The NCAA is here to once again ruin all fun. The Bylaw Blog's John Infante tweeted out an NCAA Football Rules Committee April bulletin confirming that, among other things, the NCAA has banned Twitter hashtags and URLs on college football fields.
Let's dissect each rule change. First:
1. Except as noted herein, there may be no advertising on the field, which includes the end zones and sideline areas (Rule 1-2-1-h). Only these items are allowed:
-- NCAA logo
-- Conference logo
-- College/university name and logo
-- Team name and logo
-- Name of the commercial entity with purchased naming rights to the facility in no more than two locations (Note: the entity's commercial logo is not allowed.)
-- Postseason game: Name/commercial logo of only the title sponsor associated with the name of the postseason game. There may be a maximum of three such advertisements: a single advertisement centered on the 50-yard line and no more than two smaller flanking advertisements. These advertisements must adhere to paragraph 2 below. No other advertisements, either by the title sponsor or by any other commercial entity, may be on the field.
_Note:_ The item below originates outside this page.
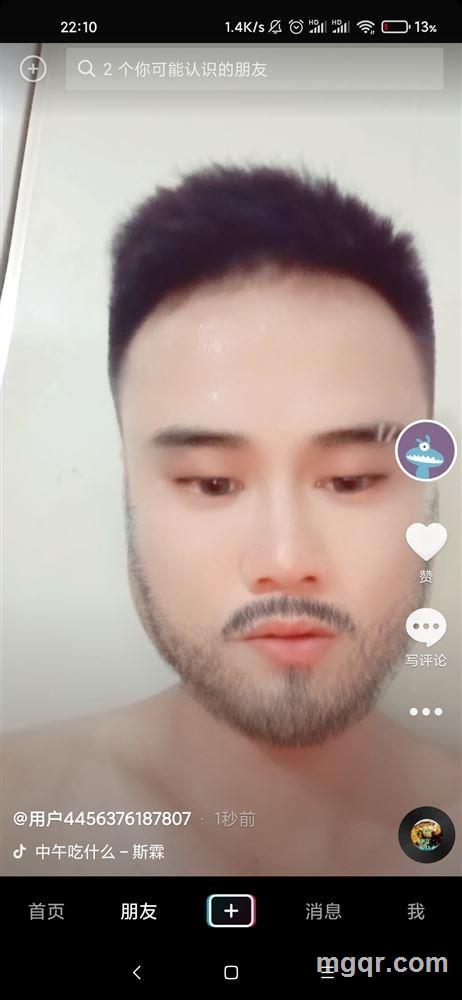 30大叔的头像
All other items, including social media designations such as URL's and hashtags, are prohibited."
Potential loophole: changing your school's official team name and/or logo to a Twitter hashtag. Boom.
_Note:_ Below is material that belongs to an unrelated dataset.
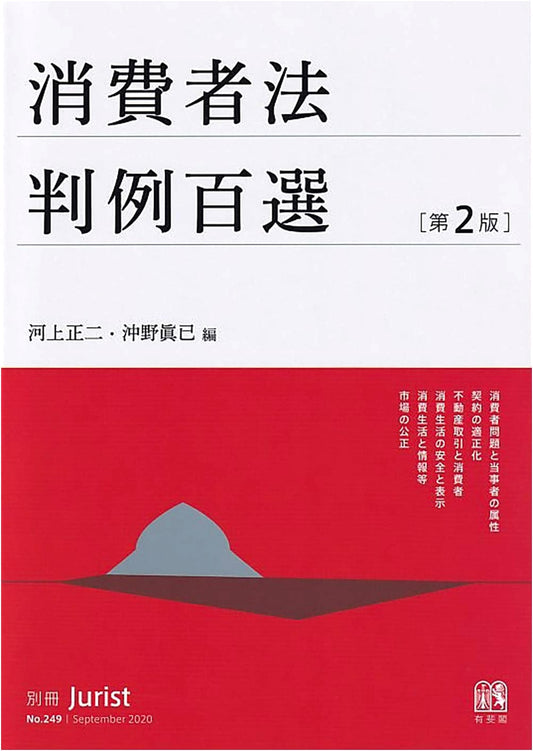 100 Selected Consumer Law Cases (2nd Edition): Special Issue Jurist No. 249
So I guess the school will have to apply for an NCAA waiver to throw a #BostonStrong on the Alumni Stadium turf?
But wait, there's more:
3. New in 2013 Each pylon may bear a manufacturer's logo or trademark. Institutional logos, conference logos and the name/commercial logo of the title sponsor of postseason games are also allowed. Any such marking may not extend more than 3 inches on any side. (Rule 1-2-6)
So school's can't have any nefarious Twitter hashtags on the turf but corporate sponsors on the pylons for bowl games ... totally acceptable. The NCAA must protect those Famous Idaho Potato ads on the pylons AT ALL COSTS!
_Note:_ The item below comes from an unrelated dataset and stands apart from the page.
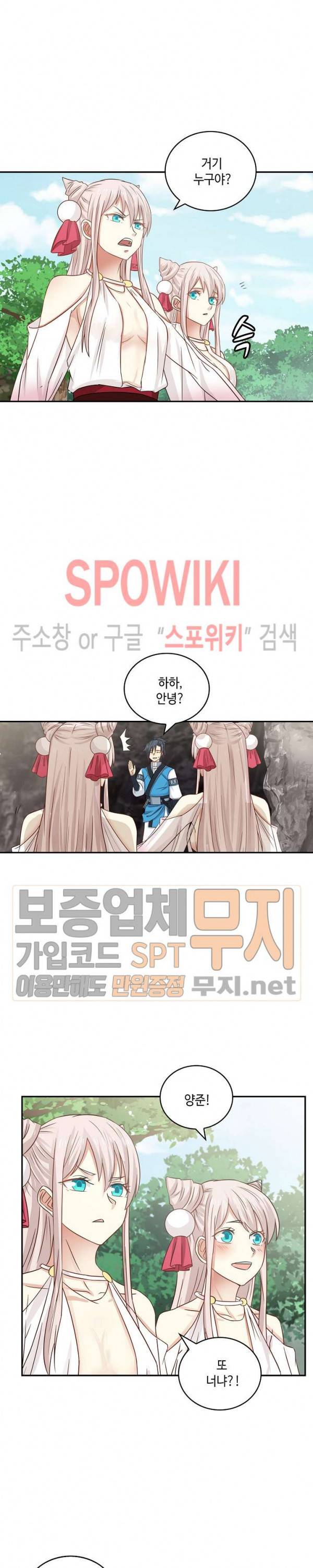 무련전봉 77화 4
1. New in 2013 Jersey numerals must be of a color that itself is clearly in distinct contrast with the color of the jersey, irrespective of any border around the number. (Rule 1-4-4-c-3) (This rule takes effect in 2013 for FBS institutions, and in 2014 for FCS, D-II and D-III institutions.)
I'm going to go ahead and call this the Oregon rule. So to be clear, teams can wear the same color uniform as is on their home turf but they can't wear the same color uniform and numbers. Makes sense. I guess this rules out any potential Boston College maroon/maroon, white/white or gold/gold uniform numbering combos.
2. Towels must be solid white and must measure no smaller than 4" X 12" and no larger than 6" X 12." (Rule 1-4-6-a) (Size specification is new in 2013.)
Leave it to the NCAA to crack down on non-white towels the year after Spaz was fired. Typical NCAA.